Excellent post, Dan! Every time I come out with a new book, I have no idea what to do. I’ve heard of the blog tours, putting the book on pre-sale and Facebook ads, but I just sit there twiddling my thumbs and wondering which of these things actually work. Meanwhile, where are my book sales?

Thank you so much for the tips. 🙂

Liked by 1 person

Thank you. Somebody had to say it.

Blog tours are a slightly different animal. You look at it as a post on a place where people didn’t really know who you were to begin with, you factor in what that blog’s readership is, and then you watch your numbers. If the blog has 1000 followers, that might result in one or two books sales. So doing lots and lots of blogs posts on a blog tour is not necessarily A bad idea because it doesn’t cost money (but it certainly costs time- and lots of it). However, those blog posts are there forever and you still have to do them like an event – you have to promote them.

I haven’t done enough of them to opine as an expert, but I bet we have a few readers who have!

Liked by 1 person

Like anything else, they work for some and not for others. There are too many factors involved, like the blog readership as you mentioned, and the book itself- the genre, the cover, the blurb, the writing, how the author promotes him- or herself (i.e. image), etc. With every type of marketing, there is trial and error, and what worked last time might not work this time, so it can really be overwhelming.

Liked by 1 person

I put my last book on pre-order for the full three months allowed, but only because it’s the third part of the trilogy and I wanted to put a link to it at the end of the second book ASAP.

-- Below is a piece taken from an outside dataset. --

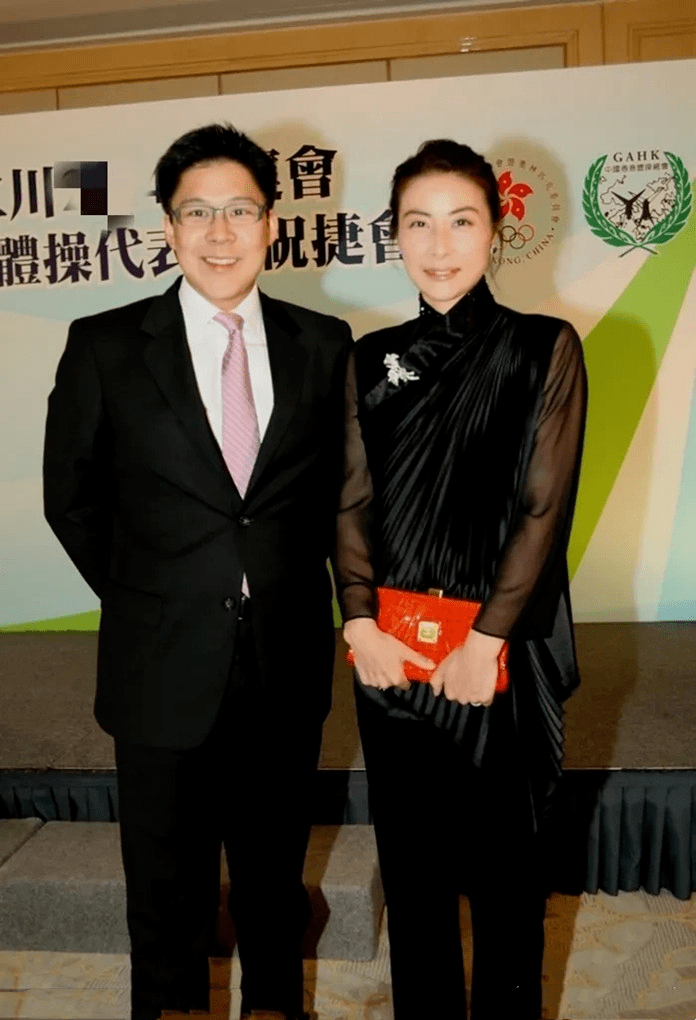 郭晶晶和徐子淇陪公公出席活动,一个站中间似主母一个靠边似丫鬟_优点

I recently had decent luck with Ereader News Today (ENT), but of course Bookbub knocked it out of the park, sales-wise. Outranking The Martian for a bit was exciting.

Liked by 1 person

I’m getting ready to launch a long-delayed book 2 of a series and I’ve got 23 days left to go. Today I sat in front of my laptop watching the countdown of a giveaway I’m doing and wondering what the hell was I going to do next LOL Talk about analysis paralysis. Thankfully I got over it.

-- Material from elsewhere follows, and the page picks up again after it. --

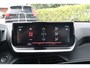 Peugeot 2008 1.2 PureTech Allure Pack O.a: Camera, Navi, Clima, Cruise, Carplay, Etc. All-in prijs!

Preorders on Amazon count on the day the book is sold, which is why your book ranks high or low depending on whether there were books sold that day before the actual launch date. But on release day, whether you already have 5 preorders or 500, those preorder sales won’t count towards your ranking or the algorithm for that day. What will count is how many sales you got for that day and hour only. It’s why many established authors do preorders everywhere else but amazon because preorders hurt launch day ranking.

Having said that, I’m not established. So I opted for a preorder and then delayed that preorder when my editor said she’d need more time. I do advertise both on Facebook and Amazon Marketing Services (AMS) although I have more luck with Facebook ads. I started back in September, reviving a year old book at $5/day and then worked up to $10/day. That book is book 1 of the series that I’m releasing book 2 at the end of the month. So for me, ads work although like they say, YMMV. Blog tours only work for visibility, not sales and I did that for one of my books last year that’s my most successful book, but not this upcoming one because it’s second in a series. So it makes sense to advertise the first book only.

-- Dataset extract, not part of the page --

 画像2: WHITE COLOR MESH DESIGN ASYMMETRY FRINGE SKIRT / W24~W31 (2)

I’m also writing this on my darn WordPress app which has a very small window so I’ll move over to my laptop now lol

Liked by 1 person

I hadn’t heard that about preorders. I thought it was a moving average. So if Stephen King always sells 10 books an hour, 24 hours a day, 365 days a year, and I sell 100 books my first hour but don’t sell any for the next 24 hours, my average is going to go 100 for the first hour 50 for the second hour 33 for the third hour, 25 for the fourth hour, and so on, until the 11th hour when my average is nine books an hour and his is still 10. Then he will move ahead of me again.

Liked by 1 person

The rankings are adjusted per hour and reflects the sales of books and borrows for those on KU. That’s why preorders have ranking that goes up and down throughout their preorder period because each preorder sale is applied for the day of the sale, not the day of launch. On the day of the launch, unless you’ve got lots of promos going on, what you sell for that day will reflect on your ranking. iBooks and Barnes & Noble apply the number of books sold only on launch day and so those numbers are counted on launch day. While preorders work in that you have an ASIN number you can use towards promotions like newsletter blasts, if you want ranking you need to either price it at 99 cents and back it up with lots of promos on release week. Otherwise, you sink like a rock in the rankings and there go visibility of your book. It also depends on your subcategory ranking.

I highly recommend Chris Fox’s “Six Figure Author” and “Write to Market” to learn more about how algorithms work. Write to Market isn’t what you think either – it has to do with the Amazon algorithm and how targeting the right subcategory before you write your book (in the genre that you like) can help you gain visibility from the get-go. Dave Chesson’s Kindlepreneur website has lots of resources as well.

Liked by 1 person

The old saying ‘you have to bet money to make money’ does work once a while at the casino. Will be doing Fussy Librarian advertising on the 9th – first time paying for advertising. Cost – $16 USD to target 42,000+ readers in my genre. Will try to remember to come back and let you know. My best sales came from putting my book at .99 and doing a FB blitz on genre pages. Cost – free. Most of the time it’s plugging away daily at twitter and FB and spreading goodwill around Goodreads and reviewing everything I read (unless it’s dreadful). Cost – time

Liked by 1 person

As promised, here is the information from The Fussy Librarian promotion. It ran yesterday via their newsletter to readers.

Target audience: 42,400 ish
Cost: $16 USD
# of sales on all channels in the first 24 hours – 26
Royalty .30 x 26 = $8.10

Casket Cache is on their cozy page now. They have other packages, this was the least expensive. I am leaving it on sale until the 15th.

I’m happy with the results. It is all relative – $200 worth of advertising or. $20 worth. $20 is my semi-annual budget. My non-fiction will be next, it has a higher target audience and is $2 more.

I like that Fussy vets books, much of my reading list has come from their recommendations. They allow readers to put the books on their TBR Goodreads list.

With all the offerings available to Indies and authors, this was most cost-effective for me. We all have to find our comfort zone.